* [What to produce]: Your answer must be an exact copy of the data below.

* [Exercise data]:
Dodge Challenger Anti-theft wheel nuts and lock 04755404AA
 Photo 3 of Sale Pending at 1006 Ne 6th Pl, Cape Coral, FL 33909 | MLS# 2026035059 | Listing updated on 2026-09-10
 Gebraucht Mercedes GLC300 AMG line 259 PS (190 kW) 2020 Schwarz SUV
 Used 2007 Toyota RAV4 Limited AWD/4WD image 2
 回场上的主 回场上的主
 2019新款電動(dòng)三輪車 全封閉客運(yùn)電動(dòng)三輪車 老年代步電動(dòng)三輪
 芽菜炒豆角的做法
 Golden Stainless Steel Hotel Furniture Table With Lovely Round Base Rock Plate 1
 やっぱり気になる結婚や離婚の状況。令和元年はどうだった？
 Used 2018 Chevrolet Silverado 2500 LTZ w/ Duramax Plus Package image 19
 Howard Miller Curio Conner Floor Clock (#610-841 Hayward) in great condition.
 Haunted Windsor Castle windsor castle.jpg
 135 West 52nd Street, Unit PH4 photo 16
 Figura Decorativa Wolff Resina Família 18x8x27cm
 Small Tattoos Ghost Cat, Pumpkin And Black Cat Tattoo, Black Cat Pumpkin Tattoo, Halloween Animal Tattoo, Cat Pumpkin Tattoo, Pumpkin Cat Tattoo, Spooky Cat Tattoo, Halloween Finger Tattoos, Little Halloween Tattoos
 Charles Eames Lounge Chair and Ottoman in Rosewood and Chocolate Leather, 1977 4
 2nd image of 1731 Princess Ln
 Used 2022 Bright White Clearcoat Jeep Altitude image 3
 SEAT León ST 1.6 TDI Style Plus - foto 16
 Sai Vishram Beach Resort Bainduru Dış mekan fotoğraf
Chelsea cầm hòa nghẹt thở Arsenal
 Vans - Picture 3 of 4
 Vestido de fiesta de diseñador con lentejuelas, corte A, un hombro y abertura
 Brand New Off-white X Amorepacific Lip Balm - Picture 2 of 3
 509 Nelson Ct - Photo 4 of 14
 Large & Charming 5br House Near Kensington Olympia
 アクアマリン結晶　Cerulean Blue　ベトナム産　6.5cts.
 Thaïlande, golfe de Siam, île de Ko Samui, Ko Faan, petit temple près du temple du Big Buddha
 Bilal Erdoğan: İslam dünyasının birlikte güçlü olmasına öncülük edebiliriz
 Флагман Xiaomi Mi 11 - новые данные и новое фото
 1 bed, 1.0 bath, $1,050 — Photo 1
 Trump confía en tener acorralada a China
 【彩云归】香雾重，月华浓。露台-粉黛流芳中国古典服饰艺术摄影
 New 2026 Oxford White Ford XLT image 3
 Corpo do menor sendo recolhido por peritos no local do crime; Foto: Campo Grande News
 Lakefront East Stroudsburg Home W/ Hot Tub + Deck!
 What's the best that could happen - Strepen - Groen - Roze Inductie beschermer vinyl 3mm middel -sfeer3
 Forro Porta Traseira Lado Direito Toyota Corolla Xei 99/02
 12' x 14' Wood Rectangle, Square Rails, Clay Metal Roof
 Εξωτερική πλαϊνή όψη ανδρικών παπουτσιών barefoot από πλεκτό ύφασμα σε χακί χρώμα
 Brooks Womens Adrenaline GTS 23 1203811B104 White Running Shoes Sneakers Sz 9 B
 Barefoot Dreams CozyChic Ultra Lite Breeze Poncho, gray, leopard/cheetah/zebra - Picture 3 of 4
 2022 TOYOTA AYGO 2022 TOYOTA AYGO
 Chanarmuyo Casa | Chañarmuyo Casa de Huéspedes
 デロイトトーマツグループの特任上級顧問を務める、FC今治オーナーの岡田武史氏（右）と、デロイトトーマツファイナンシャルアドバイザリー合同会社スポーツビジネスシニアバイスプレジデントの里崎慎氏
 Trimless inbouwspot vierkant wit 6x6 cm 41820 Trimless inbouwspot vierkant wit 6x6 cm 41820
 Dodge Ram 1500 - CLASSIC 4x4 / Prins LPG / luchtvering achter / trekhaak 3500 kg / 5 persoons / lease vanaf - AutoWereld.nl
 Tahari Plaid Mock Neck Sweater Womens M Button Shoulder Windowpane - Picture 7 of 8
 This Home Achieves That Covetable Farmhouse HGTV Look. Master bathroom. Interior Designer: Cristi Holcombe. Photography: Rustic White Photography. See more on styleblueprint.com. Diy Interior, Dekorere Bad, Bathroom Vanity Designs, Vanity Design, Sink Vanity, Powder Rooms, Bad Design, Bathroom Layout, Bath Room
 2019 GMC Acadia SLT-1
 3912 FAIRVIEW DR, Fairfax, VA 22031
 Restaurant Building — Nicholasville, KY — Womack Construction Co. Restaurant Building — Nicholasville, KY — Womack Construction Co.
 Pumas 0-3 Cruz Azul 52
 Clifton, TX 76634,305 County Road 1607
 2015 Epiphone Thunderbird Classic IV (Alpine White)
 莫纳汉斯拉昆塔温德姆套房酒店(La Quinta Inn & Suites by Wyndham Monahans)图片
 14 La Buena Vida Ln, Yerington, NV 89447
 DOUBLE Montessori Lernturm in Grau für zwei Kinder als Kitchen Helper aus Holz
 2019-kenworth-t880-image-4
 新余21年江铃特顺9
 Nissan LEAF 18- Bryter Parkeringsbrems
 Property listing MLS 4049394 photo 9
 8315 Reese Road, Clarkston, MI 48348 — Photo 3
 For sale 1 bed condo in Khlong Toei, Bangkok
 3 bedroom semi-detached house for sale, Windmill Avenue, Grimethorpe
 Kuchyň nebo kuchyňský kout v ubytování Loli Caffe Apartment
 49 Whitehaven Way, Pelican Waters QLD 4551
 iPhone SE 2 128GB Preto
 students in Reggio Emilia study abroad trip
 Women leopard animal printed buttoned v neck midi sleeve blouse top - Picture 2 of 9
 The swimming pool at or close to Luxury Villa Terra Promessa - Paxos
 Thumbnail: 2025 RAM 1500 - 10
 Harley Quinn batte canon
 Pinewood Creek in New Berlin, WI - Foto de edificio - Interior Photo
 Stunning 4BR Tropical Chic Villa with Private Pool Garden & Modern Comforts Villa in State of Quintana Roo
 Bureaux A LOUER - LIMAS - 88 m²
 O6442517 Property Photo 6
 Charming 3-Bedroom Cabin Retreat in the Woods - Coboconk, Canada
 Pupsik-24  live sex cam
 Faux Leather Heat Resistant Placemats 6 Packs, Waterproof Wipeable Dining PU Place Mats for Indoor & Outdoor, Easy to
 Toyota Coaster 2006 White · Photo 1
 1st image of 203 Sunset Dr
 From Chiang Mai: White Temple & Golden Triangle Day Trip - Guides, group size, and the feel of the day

* [Answer to this task]:
Dodge Challenger Anti-theft wheel nuts and lock 04755404AA
 Photo 3 of Sale Pending at 1006 Ne 6th Pl, Cape Coral, FL 33909 | MLS# 2026035059 | Listing updated on 2026-09-10
 Gebraucht Mercedes GLC300 AMG line 259 PS (190 kW) 2020 Schwarz SUV
 Used 2007 Toyota RAV4 Limited AWD/4WD image 2
 回场上的主 回场上的主
 2019新款電動(dòng)三輪車 全封閉客運(yùn)電動(dòng)三輪車 老年代步電動(dòng)三輪
 芽菜炒豆角的做法
 Golden Stainless Steel Hotel Furniture Table With Lovely Round Base Rock Plate 1
 やっぱり気になる結婚や離婚の状況。令和元年はどうだった？
 Used 2018 Chevrolet Silverado 2500 LTZ w/ Duramax Plus Package image 19
 Howard Miller Curio Conner Floor Clock (#610-841 Hayward) in great condition.
 Haunted Windsor Castle windsor castle.jpg
 135 West 52nd Street, Unit PH4 photo 16
 Figura Decorativa Wolff Resina Família 18x8x27cm
 Small Tattoos Ghost Cat, Pumpkin And Black Cat Tattoo, Black Cat Pumpkin Tattoo, Halloween Animal Tattoo, Cat Pumpkin Tattoo, Pumpkin Cat Tattoo, Spooky Cat Tattoo, Halloween Finger Tattoos, Little Halloween Tattoos
 Charles Eames Lounge Chair and Ottoman in Rosewood and Chocolate Leather, 1977 4
 2nd image of 1731 Princess Ln
 Used 2022 Bright White Clearcoat Jeep Altitude image 3
 SEAT León ST 1.6 TDI Style Plus - foto 16
 Sai Vishram Beach Resort Bainduru Dış mekan fotoğraf
Chelsea cầm hòa nghẹt thở Arsenal
 Vans - Picture 3 of 4
 Vestido de fiesta de diseñador con lentejuelas, corte A, un hombro y abertura
 Brand New Off-white X Amorepacific Lip Balm - Picture 2 of 3
 509 Nelson Ct - Photo 4 of 14
 Large & Charming 5br House Near Kensington Olympia
 アクアマリン結晶　Cerulean Blue　ベトナム産　6.5cts.
 Thaïlande, golfe de Siam, île de Ko Samui, Ko Faan, petit temple près du temple du Big Buddha
 Bilal Erdoğan: İslam dünyasının birlikte güçlü olmasına öncülük edebiliriz
 Флагман Xiaomi Mi 11 - новые данные и новое фото
 1 bed, 1.0 bath, $1,050 — Photo 1
 Trump confía en tener acorralada a China
 【彩云归】香雾重，月华浓。露台-粉黛流芳中国古典服饰艺术摄影
 New 2026 Oxford White Ford XLT image 3
 Corpo do menor sendo recolhido por peritos no local do crime; Foto: Campo Grande News
 Lakefront East Stroudsburg Home W/ Hot Tub + Deck!
 What's the best that could happen - Strepen - Groen - Roze Inductie beschermer vinyl 3mm middel -sfeer3
 Forro Porta Traseira Lado Direito Toyota Corolla Xei 99/02
 12' x 14' Wood Rectangle, Square Rails, Clay Metal Roof
 Εξωτερική πλαϊνή όψη ανδρικών παπουτσιών barefoot από πλεκτό ύφασμα σε χακί χρώμα
 Brooks Womens Adrenaline GTS 23 1203811B104 White Running Shoes Sneakers Sz 9 B
 Barefoot Dreams CozyChic Ultra Lite Breeze Poncho, gray, leopard/cheetah/zebra - Picture 3 of 4
 2022 TOYOTA AYGO 2022 TOYOTA AYGO
 Chanarmuyo Casa | Chañarmuyo Casa de Huéspedes
 デロイトトーマツグループの特任上級顧問を務める、FC今治オーナーの岡田武史氏（右）と、デロイトトーマツファイナンシャルアドバイザリー合同会社スポーツビジネスシニアバイスプレジデントの里崎慎氏
 Trimless inbouwspot vierkant wit 6x6 cm 41820 Trimless inbouwspot vierkant wit 6x6 cm 41820
 Dodge Ram 1500 - CLASSIC 4x4 / Prins LPG / luchtvering achter / trekhaak 3500 kg / 5 persoons / lease vanaf - AutoWereld.nl
 Tahari Plaid Mock Neck Sweater Womens M Button Shoulder Windowpane - Picture 7 of 8
 This Home Achieves That Covetable Farmhouse HGTV Look. Master bathroom. Interior Designer: Cristi Holcombe. Photography: Rustic White Photography. See more on styleblueprint.com. Diy Interior, Dekorere Bad, Bathroom Vanity Designs, Vanity Design, Sink Vanity, Powder Rooms, Bad Design, Bathroom Layout, Bath Room
 2019 GMC Acadia SLT-1
 3912 FAIRVIEW DR, Fairfax, VA 22031
 Restaurant Building — Nicholasville, KY — Womack Construction Co. Restaurant Building — Nicholasville, KY — Womack Construction Co.
 Pumas 0-3 Cruz Azul 52
 Clifton, TX 76634,305 County Road 1607
 2015 Epiphone Thunderbird Classic IV (Alpine White)
 莫纳汉斯拉昆塔温德姆套房酒店(La Quinta Inn & Suites by Wyndham Monahans)图片
 14 La Buena Vida Ln, Yerington, NV 89447
 DOUBLE Montessori Lernturm in Grau für zwei Kinder als Kitchen Helper aus Holz
 2019-kenworth-t880-image-4
 新余21年江铃特顺9
 Nissan LEAF 18- Bryter Parkeringsbrems
 Property listing MLS 4049394 photo 9
 8315 Reese Road, Clarkston, MI 48348 — Photo 3
 For sale 1 bed condo in Khlong Toei, Bangkok
 3 bedroom semi-detached house for sale, Windmill Avenue, Grimethorpe
 Kuchyň nebo kuchyňský kout v ubytování Loli Caffe Apartment
 49 Whitehaven Way, Pelican Waters QLD 4551
 iPhone SE 2 128GB Preto
 students in Reggio Emilia study abroad trip
 Women leopard animal printed buttoned v neck midi sleeve blouse top - Picture 2 of 9
 The swimming pool at or close to Luxury Villa Terra Promessa - Paxos
 Thumbnail: 2025 RAM 1500 - 10
 Harley Quinn batte canon
 Pinewood Creek in New Berlin, WI - Foto de edificio - Interior Photo
 Stunning 4BR Tropical Chic Villa with Private Pool Garden & Modern Comforts Villa in State of Quintana Roo
 Bureaux A LOUER - LIMAS - 88 m²
 O6442517 Property Photo 6
 Charming 3-Bedroom Cabin Retreat in the Woods - Coboconk, Canada
 Pupsik-24  live sex cam
 Faux Leather Heat Resistant Placemats 6 Packs, Waterproof Wipeable Dining PU Place Mats for Indoor & Outdoor, Easy to
 Toyota Coaster 2006 White · Photo 1
 1st image of 203 Sunset Dr
 From Chiang Mai: White Temple & Golden Triangle Day Trip - Guides, group size, and the feel of the day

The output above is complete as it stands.